**TASK:** Below are the entries to work from; restate word for word the portion that opens with the line containing "Haus des Gastes" and closes with the line containing "Kissen BodrumRostrot, 45", keeping both.

(Stored entries)
============
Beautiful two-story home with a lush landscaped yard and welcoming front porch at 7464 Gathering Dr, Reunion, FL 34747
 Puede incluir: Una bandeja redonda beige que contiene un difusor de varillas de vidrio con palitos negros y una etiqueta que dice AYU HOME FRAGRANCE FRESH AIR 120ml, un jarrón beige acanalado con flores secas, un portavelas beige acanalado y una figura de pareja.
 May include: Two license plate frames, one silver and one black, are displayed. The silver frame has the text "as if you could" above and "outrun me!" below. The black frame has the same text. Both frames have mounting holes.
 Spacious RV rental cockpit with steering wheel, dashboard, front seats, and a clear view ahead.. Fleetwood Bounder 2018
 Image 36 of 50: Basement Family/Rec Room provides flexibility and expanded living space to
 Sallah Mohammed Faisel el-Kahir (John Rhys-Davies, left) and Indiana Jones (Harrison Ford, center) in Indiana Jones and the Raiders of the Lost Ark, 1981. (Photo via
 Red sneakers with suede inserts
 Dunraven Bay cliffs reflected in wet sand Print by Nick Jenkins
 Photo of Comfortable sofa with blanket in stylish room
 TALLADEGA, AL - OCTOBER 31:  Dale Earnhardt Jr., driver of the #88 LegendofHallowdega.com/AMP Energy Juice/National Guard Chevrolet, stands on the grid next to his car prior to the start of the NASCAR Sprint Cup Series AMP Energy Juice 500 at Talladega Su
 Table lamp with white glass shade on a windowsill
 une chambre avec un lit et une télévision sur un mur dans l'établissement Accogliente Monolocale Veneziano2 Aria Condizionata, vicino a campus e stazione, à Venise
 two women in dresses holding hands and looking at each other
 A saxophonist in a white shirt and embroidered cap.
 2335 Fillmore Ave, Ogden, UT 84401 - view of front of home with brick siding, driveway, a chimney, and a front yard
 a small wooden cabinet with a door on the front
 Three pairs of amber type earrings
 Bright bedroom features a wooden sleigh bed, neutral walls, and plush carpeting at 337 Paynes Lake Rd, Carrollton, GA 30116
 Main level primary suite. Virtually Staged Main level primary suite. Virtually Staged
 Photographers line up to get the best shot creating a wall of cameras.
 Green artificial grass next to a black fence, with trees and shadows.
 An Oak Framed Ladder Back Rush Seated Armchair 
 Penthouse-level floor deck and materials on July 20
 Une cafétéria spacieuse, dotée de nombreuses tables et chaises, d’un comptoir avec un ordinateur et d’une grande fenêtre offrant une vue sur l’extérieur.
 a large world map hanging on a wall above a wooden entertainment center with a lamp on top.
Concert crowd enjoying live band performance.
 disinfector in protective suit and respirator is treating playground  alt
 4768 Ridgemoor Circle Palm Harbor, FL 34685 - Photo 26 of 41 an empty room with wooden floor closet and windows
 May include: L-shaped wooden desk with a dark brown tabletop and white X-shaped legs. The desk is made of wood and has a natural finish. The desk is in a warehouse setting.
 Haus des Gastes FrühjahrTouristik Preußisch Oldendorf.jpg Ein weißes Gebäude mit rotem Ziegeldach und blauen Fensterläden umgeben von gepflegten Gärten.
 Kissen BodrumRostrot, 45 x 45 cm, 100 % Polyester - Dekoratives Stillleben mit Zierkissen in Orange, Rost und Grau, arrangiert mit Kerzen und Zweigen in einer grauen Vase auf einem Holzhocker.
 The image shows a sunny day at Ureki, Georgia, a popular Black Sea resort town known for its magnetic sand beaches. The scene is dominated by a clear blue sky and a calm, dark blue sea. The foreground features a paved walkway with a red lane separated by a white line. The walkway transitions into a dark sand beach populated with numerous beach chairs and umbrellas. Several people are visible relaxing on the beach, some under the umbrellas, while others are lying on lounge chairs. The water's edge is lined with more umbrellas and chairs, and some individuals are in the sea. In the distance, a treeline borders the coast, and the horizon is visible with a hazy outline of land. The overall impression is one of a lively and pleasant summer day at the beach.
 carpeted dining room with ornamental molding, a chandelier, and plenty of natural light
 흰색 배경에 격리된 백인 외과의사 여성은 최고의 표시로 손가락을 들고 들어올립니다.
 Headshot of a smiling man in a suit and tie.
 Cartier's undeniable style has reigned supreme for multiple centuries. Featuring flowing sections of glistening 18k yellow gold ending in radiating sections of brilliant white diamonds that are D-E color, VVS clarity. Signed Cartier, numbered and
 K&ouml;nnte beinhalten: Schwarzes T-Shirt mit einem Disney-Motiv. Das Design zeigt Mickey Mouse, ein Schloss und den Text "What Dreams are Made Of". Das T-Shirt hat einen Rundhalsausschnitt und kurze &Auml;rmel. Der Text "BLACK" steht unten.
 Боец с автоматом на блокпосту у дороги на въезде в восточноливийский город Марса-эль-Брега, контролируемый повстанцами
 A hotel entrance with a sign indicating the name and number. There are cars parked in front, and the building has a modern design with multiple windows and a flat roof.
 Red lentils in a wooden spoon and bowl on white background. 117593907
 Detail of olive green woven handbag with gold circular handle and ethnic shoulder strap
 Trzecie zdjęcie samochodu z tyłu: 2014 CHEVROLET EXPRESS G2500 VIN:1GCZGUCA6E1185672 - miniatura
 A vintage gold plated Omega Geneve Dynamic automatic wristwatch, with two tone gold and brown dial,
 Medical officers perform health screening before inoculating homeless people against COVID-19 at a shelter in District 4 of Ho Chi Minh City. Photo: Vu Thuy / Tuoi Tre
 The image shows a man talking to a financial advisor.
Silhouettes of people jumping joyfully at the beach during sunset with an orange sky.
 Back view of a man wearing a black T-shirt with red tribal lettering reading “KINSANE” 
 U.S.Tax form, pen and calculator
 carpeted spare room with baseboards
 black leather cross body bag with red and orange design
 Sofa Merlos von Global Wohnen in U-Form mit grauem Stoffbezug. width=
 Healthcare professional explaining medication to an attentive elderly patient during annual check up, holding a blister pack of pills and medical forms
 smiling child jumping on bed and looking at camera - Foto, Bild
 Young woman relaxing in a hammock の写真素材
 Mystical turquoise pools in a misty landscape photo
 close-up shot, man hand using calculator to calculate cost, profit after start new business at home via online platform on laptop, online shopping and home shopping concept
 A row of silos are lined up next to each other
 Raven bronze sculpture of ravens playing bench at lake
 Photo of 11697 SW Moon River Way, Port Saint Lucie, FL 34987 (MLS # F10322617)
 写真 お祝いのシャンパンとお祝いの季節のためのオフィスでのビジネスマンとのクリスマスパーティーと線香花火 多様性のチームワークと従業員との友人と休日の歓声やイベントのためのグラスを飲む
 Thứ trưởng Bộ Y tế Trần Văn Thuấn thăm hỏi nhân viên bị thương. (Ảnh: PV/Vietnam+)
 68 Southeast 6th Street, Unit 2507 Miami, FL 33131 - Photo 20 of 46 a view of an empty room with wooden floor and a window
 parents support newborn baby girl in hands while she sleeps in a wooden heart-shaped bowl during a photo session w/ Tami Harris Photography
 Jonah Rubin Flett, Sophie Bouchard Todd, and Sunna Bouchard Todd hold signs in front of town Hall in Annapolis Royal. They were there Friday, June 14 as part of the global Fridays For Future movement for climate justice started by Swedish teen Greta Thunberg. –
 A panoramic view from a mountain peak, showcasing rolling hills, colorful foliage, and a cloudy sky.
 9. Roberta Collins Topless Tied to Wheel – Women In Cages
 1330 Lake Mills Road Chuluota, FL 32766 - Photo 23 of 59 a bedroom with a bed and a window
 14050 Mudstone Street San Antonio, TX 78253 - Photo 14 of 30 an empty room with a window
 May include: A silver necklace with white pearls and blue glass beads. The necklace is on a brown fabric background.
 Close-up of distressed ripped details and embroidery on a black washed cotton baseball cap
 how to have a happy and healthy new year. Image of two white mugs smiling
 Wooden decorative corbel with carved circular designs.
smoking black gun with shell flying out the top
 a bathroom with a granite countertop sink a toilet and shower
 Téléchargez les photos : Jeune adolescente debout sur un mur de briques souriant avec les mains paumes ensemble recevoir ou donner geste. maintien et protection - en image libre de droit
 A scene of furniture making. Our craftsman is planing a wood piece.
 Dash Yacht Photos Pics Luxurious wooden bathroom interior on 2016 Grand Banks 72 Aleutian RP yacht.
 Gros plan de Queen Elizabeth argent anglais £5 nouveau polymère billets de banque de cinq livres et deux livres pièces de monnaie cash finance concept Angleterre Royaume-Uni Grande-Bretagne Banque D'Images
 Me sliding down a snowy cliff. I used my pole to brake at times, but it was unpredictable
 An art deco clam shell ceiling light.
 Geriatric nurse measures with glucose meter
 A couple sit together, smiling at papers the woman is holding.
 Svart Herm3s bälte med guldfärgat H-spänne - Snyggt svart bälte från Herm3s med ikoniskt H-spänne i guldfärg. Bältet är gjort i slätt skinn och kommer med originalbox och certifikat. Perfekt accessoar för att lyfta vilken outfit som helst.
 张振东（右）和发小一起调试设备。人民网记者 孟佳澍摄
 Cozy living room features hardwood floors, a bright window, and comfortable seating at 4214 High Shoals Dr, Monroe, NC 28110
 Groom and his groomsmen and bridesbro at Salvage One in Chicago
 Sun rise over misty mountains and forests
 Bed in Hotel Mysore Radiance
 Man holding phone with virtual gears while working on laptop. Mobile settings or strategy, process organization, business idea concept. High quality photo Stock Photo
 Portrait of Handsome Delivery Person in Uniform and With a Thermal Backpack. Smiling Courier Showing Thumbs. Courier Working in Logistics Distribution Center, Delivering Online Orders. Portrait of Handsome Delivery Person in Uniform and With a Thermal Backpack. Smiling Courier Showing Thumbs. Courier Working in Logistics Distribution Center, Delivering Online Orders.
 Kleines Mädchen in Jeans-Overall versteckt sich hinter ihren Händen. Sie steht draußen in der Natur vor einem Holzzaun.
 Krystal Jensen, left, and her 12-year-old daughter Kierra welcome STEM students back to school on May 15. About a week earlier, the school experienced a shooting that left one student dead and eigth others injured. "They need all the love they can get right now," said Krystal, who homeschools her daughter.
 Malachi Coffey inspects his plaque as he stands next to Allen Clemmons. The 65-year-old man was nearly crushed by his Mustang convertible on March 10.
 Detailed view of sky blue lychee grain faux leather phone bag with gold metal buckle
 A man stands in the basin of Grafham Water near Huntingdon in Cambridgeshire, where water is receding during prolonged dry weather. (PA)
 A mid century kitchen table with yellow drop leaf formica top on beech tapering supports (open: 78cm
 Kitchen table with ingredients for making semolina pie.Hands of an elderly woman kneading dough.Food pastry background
============
**EXERCISE OUTPUT:**
 Haus des Gastes FrühjahrTouristik Preußisch Oldendorf.jpg Ein weißes Gebäude mit rotem Ziegeldach und blauen Fensterläden umgeben von gepflegten Gärten.
 Kissen BodrumRostrot, 45 x 45 cm, 100 % Polyester - Dekoratives Stillleben mit Zierkissen in Orange, Rost und Grau, arrangiert mit Kerzen und Zweigen in einer grauen Vase auf einem Holzhocker.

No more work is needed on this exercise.